We're continuing to do that, at an accelerating rate on the NetCentric side. And I think more of our customers have realized that the cost of those 100 gig interfaces has come down and the payback that they can achieve by converting those ports is pretty material as they can save a lot on cross connect. So I think it's nothing more complicated than network grooming.
- Analyst
Okay. That's great. Thanks guys.
Operator
Walter Piecyk with BTIG.
- Analyst
Dave, can you refresh my memory on how this NetCentric business works? Because I think the unit number was down 400 and I know that it was down last year as well so, what's the ebb and flow of how that works? And similarly my favorite question is to ask about these hyper-scale [guides in net], activity if you could just comment on their growth rate relative to the overall growth rate of the Company that would be helpful. Thank you.
- Chairman and CEO
Absolutely, Walt. First of all the way to think about our NetCentric business is actually by bits and price per bit. The ports that they flow through isn't how we generate the revenue. We generate it on the traffic volumes. Now on the corporate business, it's very different.
The corporate customer buys a fixed port and if they use more or less of that capacity there's no change in revenue. In fact, on the corporate side of our business we saw corporate utilization continue to ratchet up from roughly 17.1% of the 100 meg average port to 18.4% in the quarter. So a pretty material step up in utilization rate and I think that's an indication of corporate users using some of these hyper scale cloud-based solutions, and SaaS solutions.
On the NetCentric side, we did see the port count go down and it was really in response to the question that Nick just asked, which is we have continued to encourage customers to reduce the money they spend on cross connects and carrier-neutral data centers. And increasingly more and more of our customers are able to groom multiple 10-gig interfaces at a facility into a fewer number of 100-gig interfaces.
But I think what's important to note is that in our NetCentric business, several things occurred in the quarter. One, that our traffic grew sequentially 8%, 37% year over year. Two, the average price of a new sale in the quarter actually materially went up. It went up 35% and it went up 3% on a year-over-year basis.

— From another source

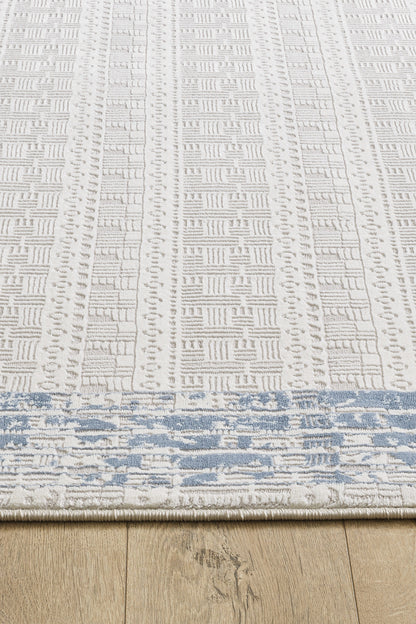 Toscana Koleksiyonu 3.5m² 150x230cm Krem-mavi Renk Polyester Iplik Düz Saçaklı Makine Dokuma Halı - Ottofis Halı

I wouldn't read too much into that and get too excited about that because last quarter the average new sale declined by 31% and I tried to counsel investors that was a bit of an aggressive change as a single customer hit a pricing threshold.
While we continue to have customers hit those types of pricing threshold reductions in the quarter and Tad spoke about the number of customers that ended up changing or extending their contracts at lower prices with Cogent, the net result of all these effects was that our NetCentric revenues grew on a sequential basis 2.6%. Probably about 2.9% on a constant currency basis since roughly half of that revenue is outside of the US.

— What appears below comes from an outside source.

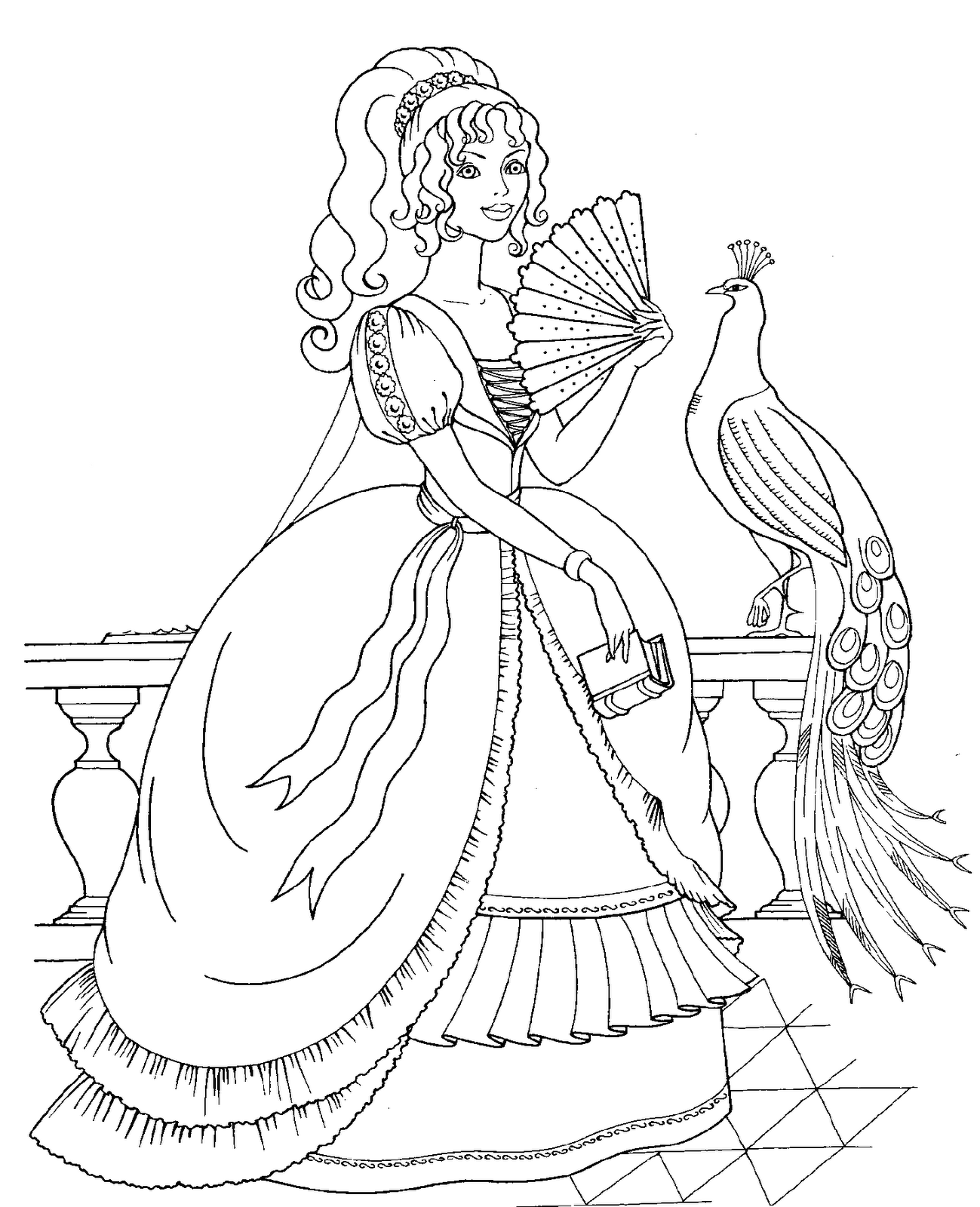 Disney Princess and Animals Coloring Pages To Kids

And then finally on a year-over-year basis we saw that NetCentric revenue accelerate to a 5.1% year-over-year revenue growth number, driven by the traffic growth rate and the rate of price decline.
Now with regard to the hyper scale customers, we serve virtually all of the very large customers, many of the names that you've mentioned are customers that we serve and I would say that on average, our NetCentric large customers grow at about the same pace as our entire base. I think it's probably inappropriate for me and I think some of my customers would be upset, if I gave a lot of real specific granularity to a specific customer's growth rate but we've seen social media sites, videos-to-sharing sites, video sites, search sites, more traditional companies, e-commerce companies, they all remain Cogent customers.

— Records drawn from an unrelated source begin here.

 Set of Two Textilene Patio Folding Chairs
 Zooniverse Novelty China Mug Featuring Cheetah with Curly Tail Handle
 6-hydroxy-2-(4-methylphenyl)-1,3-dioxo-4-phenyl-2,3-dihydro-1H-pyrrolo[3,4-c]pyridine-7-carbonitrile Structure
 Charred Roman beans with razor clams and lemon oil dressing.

They are all benefiting from an increased traffic volume as a result of these net-neutrality issues getting resolved and consumers increasingly getting comfortable that the quality they are getting from their last mile provider is increasing as a result of the decongestion of the ports on the networks.
- Analyst
So is that just a detailed answer of the follow-through on the issues from earlier this year about these, what you were talking about as far as these repricing on the volume that we're now seeing the usage growth kick through? So that should theoretically continue into the December quarter than as well right?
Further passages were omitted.